Senyum senangku nyaris mengembang, hingga kau melanjutkannya dengan kalimat, “Tapi begitu banyak bunga di sini. Lihatlah!” seraya menunjukkan semarak bunga-bunga yang bermukim di tamanmu.
Baiklah, aku takkan memaksamu. Sebab dalam kurun waktu itu kutahu bila temanmu silih berganti, banyak yang datang dan tak sedikit juga yang pergi. Seiring bertambah umur, jumlahnya semakin tak terukur. Sangat bisa kumaklumi, bila kaupun kian sulit mengenali satu demi satunya. Termasuk aku, si pemangku kasta sudra walau 5 tahun sudah kusetia mendekam di salah satu sudut kanalmu sebagai penyewa lahan...eh, gratisan? Maaf Kom, aku sedikit keberatan, kalau kau menyebutnya gratisan, sebab mahar telah kubayar dengan sekian tulisan yang kuhaturkan berikut upaya dan segala ketidakmudahannya yang akan sulit kau duga.
Pada kurun waktu yang tak singkat itu, Kom, haruskah kau tanyakan momen terbaikku bersamamu? Benarkah tak ada momen terbaikmu bersamaku? Hahaha! Tapi ah, kuyakin, betapapun kau beri kesempatan padaku untuk bertanya, kau takkan senang mendengar jawabanku. Iya, Kom, sejujurnya hanya ada 2 poin saja yang kudapatkan selama 5 tahun kebersamaan kau dan aku.
Du, du, dua poin saja? Ya, ampun, 2 poin, apa tidak kurang sedikit tuh? Sementara begitu banyak cerita dari teman-teman –dengan gaya memikat, tentu, dan merasa seolah kurang lahan untuk menuangkan– tentang momen terbaik yang dimilikinya saat bersamamu.

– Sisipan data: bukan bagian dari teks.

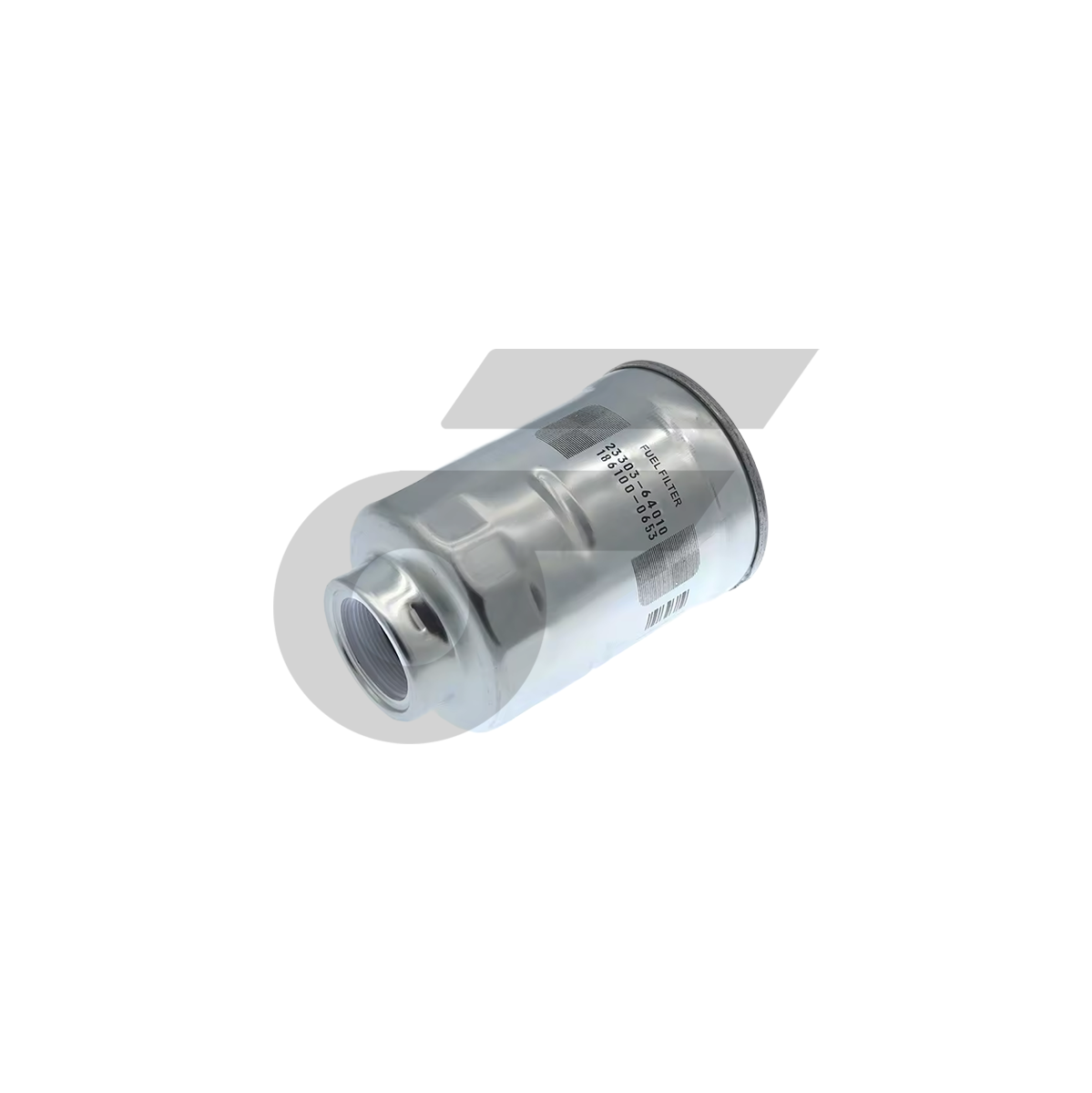 TOYOTA แท้ศูนย์ ไส้กรองโซล่า COASTER, MTX LH11 LN90 LN10 BU10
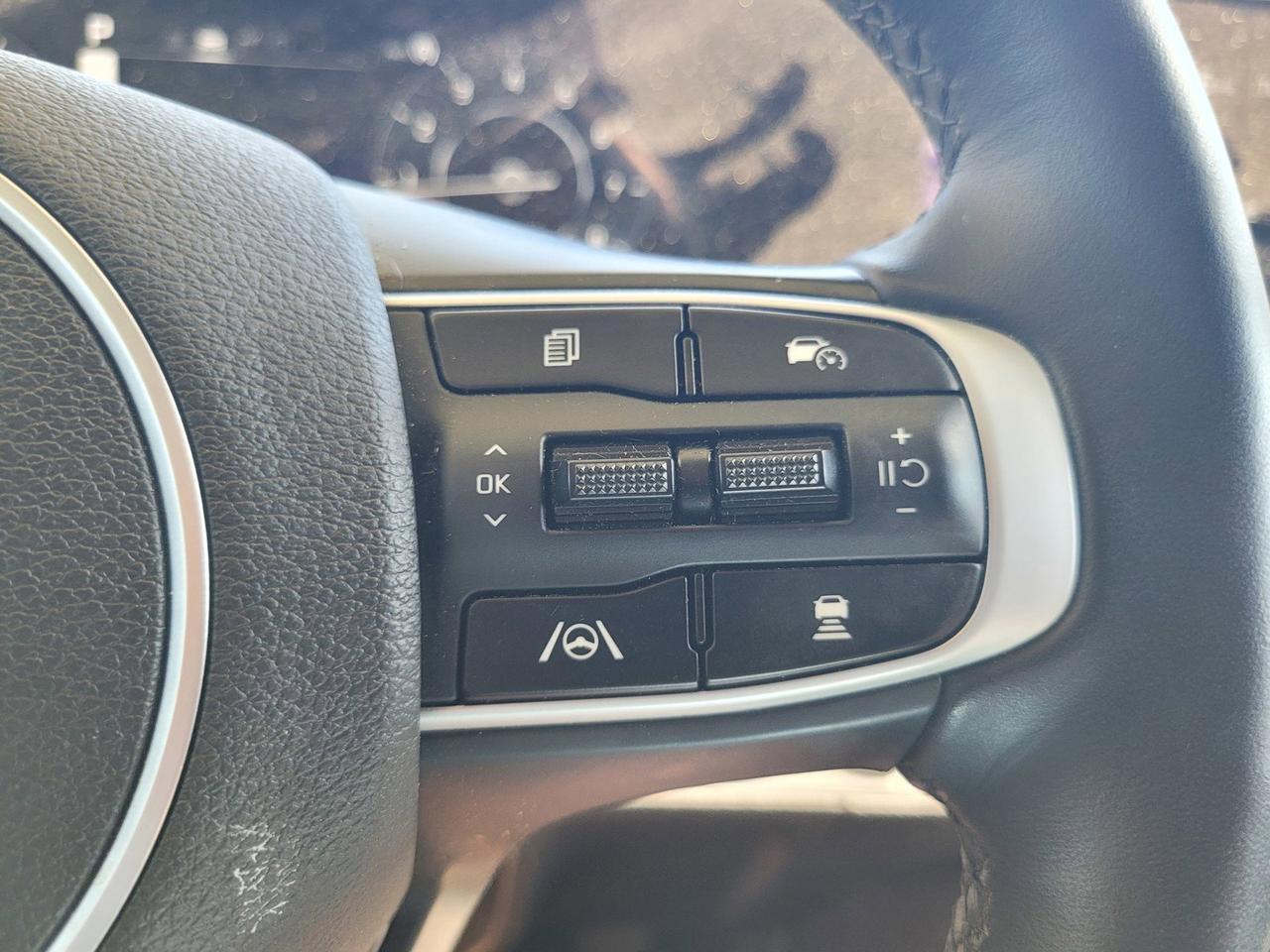 2023 KIA SPORTAGE SX-PRESTIGE Roseville CA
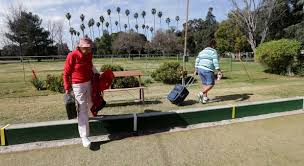 Skate park, rail line pose no threats to historic Redlands Lawn Bowling  Club, officials say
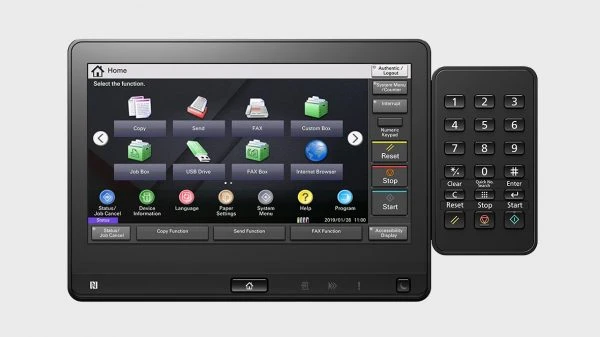 Kyocera TASKalfa 4053ci - Image 3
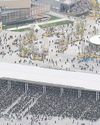 World Expo opens in Osaka in rocky times World Expo opens in Osaka in rocky times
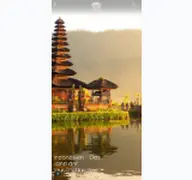 Kleine Seitenvorschau von indonesien-rundreisen.de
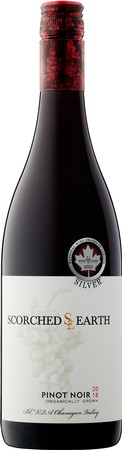 2018 Pinot Noir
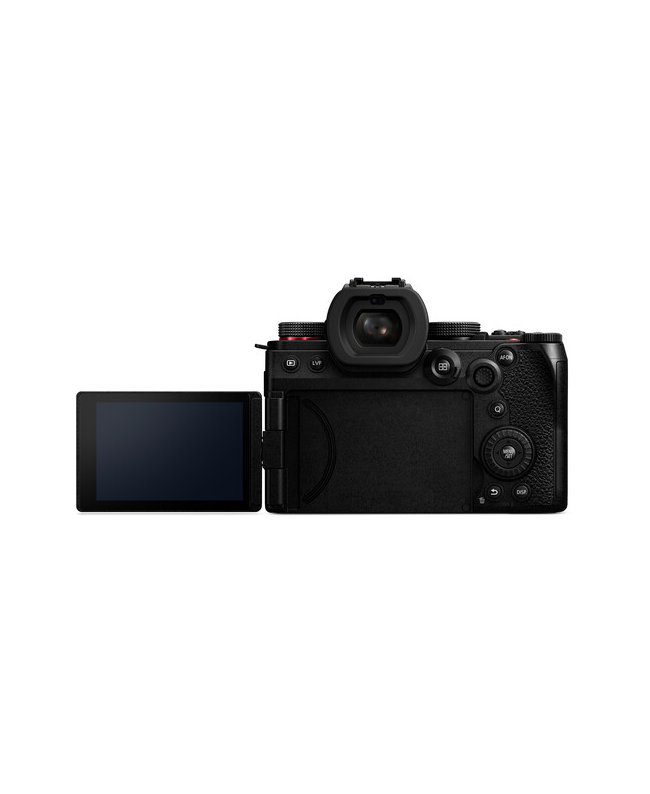 PANASONIC DC-S5M2E Mirrorless Cameras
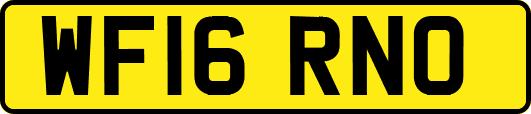 WF16RNO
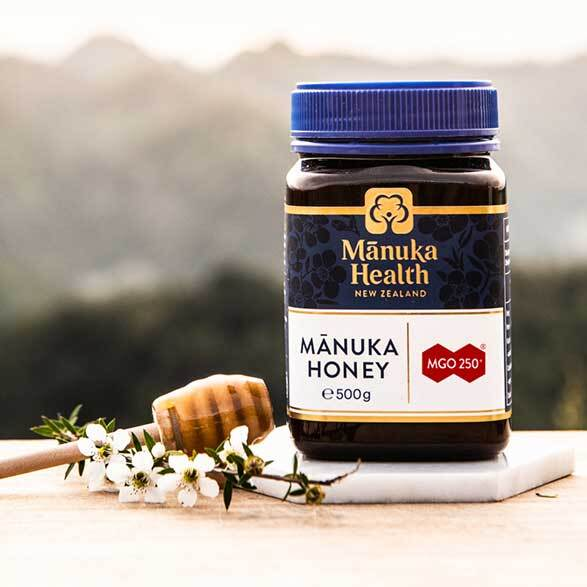 MANUKA HEALTH: Kada shvatiš da med može više od slatkoće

Dan kubersikukuh hanya mampu mengajukan dua poin saja? Antara pongah dan bodoh, itulah sebutan yang mungkin akan kau sematkan padaku. Auh, mau bagaimana lagi, Kom? Kejujuran memang sering membuat kesal.
Tapi setelahnya karena penasaran kaupun terpaksa bertanya tentang 2 terbilang itu, lelah dan bungah. Aih, ya, sudah kuduga respon seperti itu. Tapi mari, simak dulu ceritaku. Siapa tahu kelak kerutanmu memudar dan berubah menjadi anggukan kepala.
Lelah.
Kau harus tahu, aku bukanlah seorang penulis, Kom. Menulisku adalah hobi tanpa dukungan intelejensia. Semua hal kutulis sejakku bisa menulis. Seadanya yang sederhana di kepala. Awalnya, Nina, Tin Tin, cerita-cerita dalam majalah Kuncung, semua kutulis ulang dengan tulisan tangan sembari membayangkan Herge berpetualang, Nina dan para gadisnya dengan ragam cerita yang mempesona jiwa muda. Kerinduan pada orang tua, suka duka hidup mandiri di usia dini, dewasa dalam perantauan, digit-digit dalam kalkulasi finansial yang sulit, dan yang tak terbayangkan olehmu adalah hobi mencatat kalimat-kalimat sulit yang kupungut dari media cetak dan televisi. Lihat Kom, tak ada yang tak kutulis. Oya, kau pasti tak kenal dengan majalah Kuncung. Benar tidak? Itu tandanya kau begitu mudanya, sedangku telah lama menua.
Lalu dimana letak lelahnya? Bukankah hobi seharusnya mendatangkan kesenangan?
Ketika sebuah ide datang. Aku menuangkannya dalam buku catatan. Lalu naiklah ke layar digital. Kau tentu tahu, editing selalu merongrong waktu. Padahal waktuku jarang luang. Tak sedikit yang kukorbankan agar sebuah tulisan bisa kupersembahkan. Loh, betul ini, Kom. Aku tidak sedang mengada-ada. Buat apa juga, toh sudah ada ruang bagiku untuk mengada-ada, kanal fiksimu itu.